| Data section |
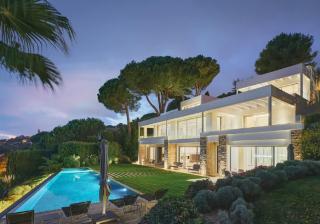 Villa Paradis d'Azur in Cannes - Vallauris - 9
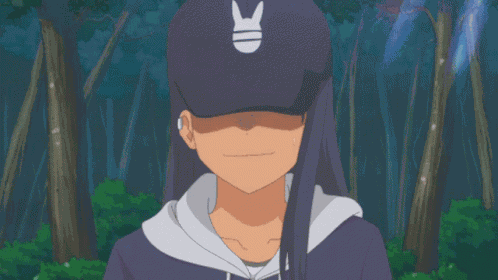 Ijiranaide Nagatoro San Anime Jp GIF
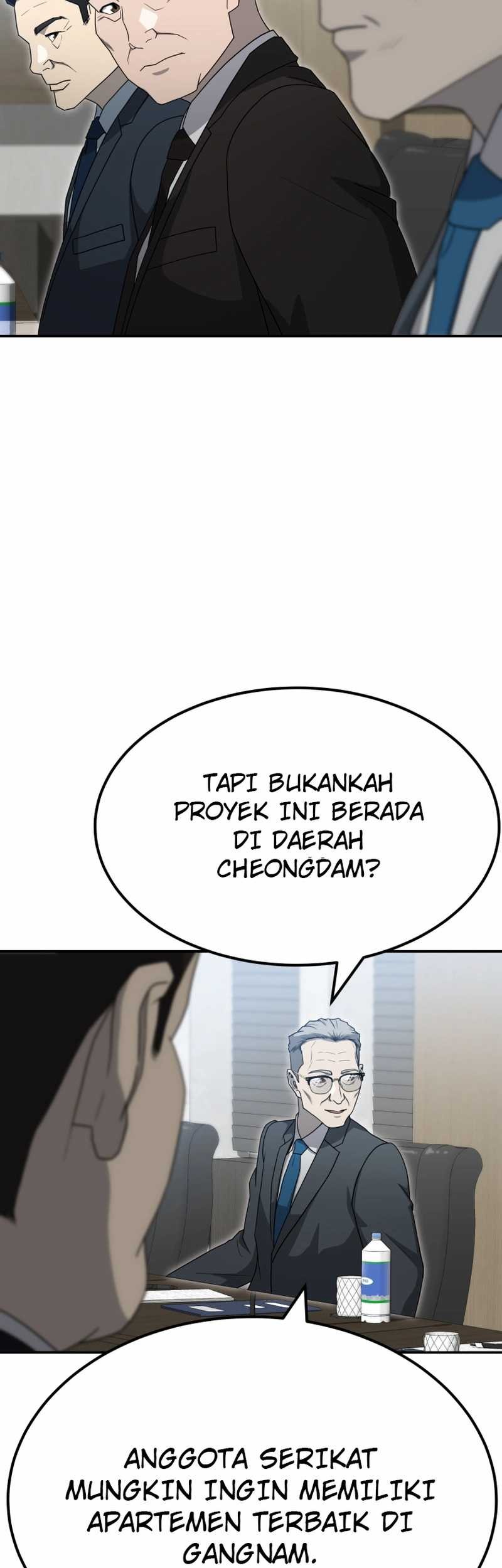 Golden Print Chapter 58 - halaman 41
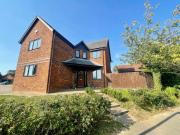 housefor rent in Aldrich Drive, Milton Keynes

| Exercise requirements |
Only the pictures are to be dropped; all other material above must be repeated exactly.

| Expected answer |
 Villa Paradis d'Azur in Cannes - Vallauris - 9
 Ijiranaide Nagatoro San Anime Jp GIF
 Golden Print Chapter 58 - halaman 41
 housefor rent in Aldrich Drive, Milton Keynes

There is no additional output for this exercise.